Types of propeller is the major part of understanding basic concept of propellers. A propeller is a piece of equipment with a rotating hub and radiating blades set at a pitch to produce a helical spiral that, when rotated, acts similar to Archimedes’ screw. It converts rotational power into linear thrust by pulling a working fluid, such as water or air.
The blades’ rotational movement is transformed into thrust by generating a pressure differentiation among the two surfaces. A delivered mass of working fluid is accelerated in one direction, and the craft travels in the opposite direction. Like aircraft wings, propeller dynamics can be modeled by Bernoulli’s principle and Newton’s third law. Screw propellers with helical blades are the most used marine propellers revolving on a propeller shaft with a nearly horizontal axis.
Historical Developments of Propellers
The principle applied in adopting a screw propeller is obtained from sculling. A single blade is passed through an arc in sculling, from side to side taking care to keep performing the blade to the water at the practical angle. The novelty presented with the screw propeller was expanding that arc through more than 360° by connecting the blade to a rotating shaft. Various types of propellers can have a single blade, but there are almost always more than one to balance the practice forces.
Although there was considerable experimentation with screw propulsion until the 1830s, few of these devices were attempted on the testing stage, and some were determined inadequate for one reason or another. In 1835, two creators in Britain, John Ericsson, and Francis Pettit Smith, started operating individually.
Smith was leading to take out a screw propeller patent, while Ericsson, a gifted Swedish engineer then operating in Britain, filed his patent six weeks later. Smith promptly built a tiny model boat to test his invention, which was proved first on a pond at his Hendon farm. Next at the Royal Adelaide Gallery of Practical Science in London, where it was recognized by Sir William Barrow.
Wright brothers pioneered the twisted aerofoil shape of modern aircraft propellers. While some earlier engineers had endeavored to model air propellers on marine propellers, the Wrights recognized that an air propeller is quite the same as a wing and could utilize data from their more initial wind tunnel experiments on wings.
They also offered a twist along the length of the blades. This was necessary to ensure the blades’ angle of attack was kept nearly constant along their length. Their unique propeller blades were only about 5% less effective than the modern equivalent, some 100 years later. The recognition of low-speed types of propeller aerodynamics was complete by the 1920s, but later requirements to manage more power in more miniature diameter have made the obstacle more complicated.

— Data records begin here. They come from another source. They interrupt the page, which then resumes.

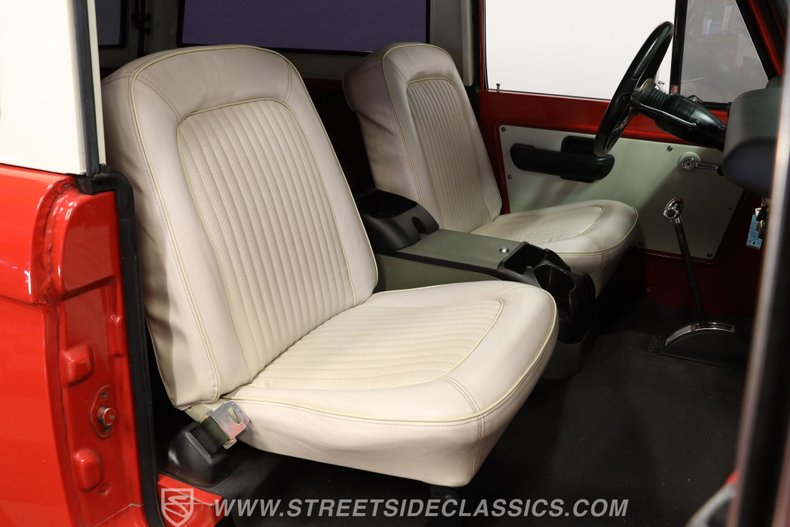 Ford-Bronco-1972-Red-White-47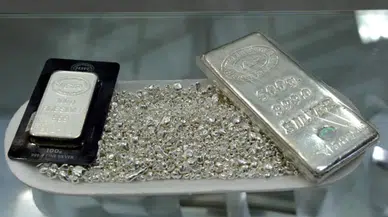 Gümüş fiyatları neden sert düşüş yaşıyor? Faiz baskısı ve dolar etkisi nedir?
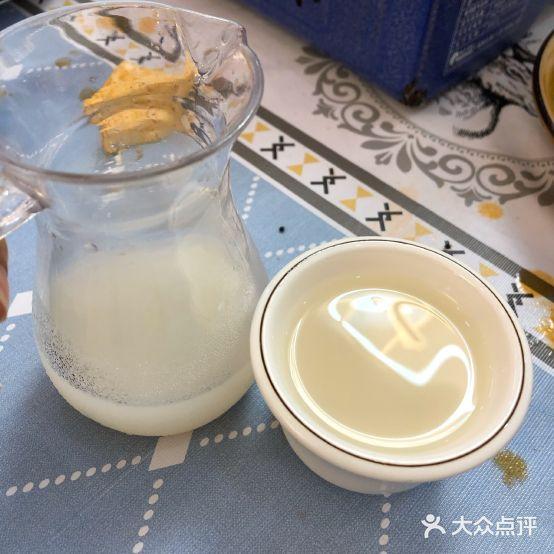 金凤凰·土鸡活鱼小菜馆贵州菜(梵净山店) - 星际高球联盟-中国精英人士高尔夫旅游度假实景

Material and Construction of Propeller
Marine propellers are manufactured from corrosion-resistant materials as they are made operational in seawater which is a corrosion accelerator. The materials utilized for making marine propellers are an alloy of stainless steel and aluminum. Other popular materials employed are alloys of nickel, bronze, and aluminum, which are 10~15 % lighter than other materials and have higher durability.
The propeller’s construction process involves connecting several blades to the hub or boss by forging or welding in one piece. Forged blades are highly stable and have higher strength but are costly compared to welded ones. A marine propeller is assembled by sections of helicoidal surfaces acting together to twist through the water with a screw effect.
Types of Propeller
Propellers are divided based on several factors. The classification of various types of propeller is described below:
Classification by Number of Blades Attached
Propeller blades may alter from 3 blade propeller to 4 blade propeller and sometimes even a five-blade propeller. Nevertheless, the most regularly used are three-blade and four-blade propellers.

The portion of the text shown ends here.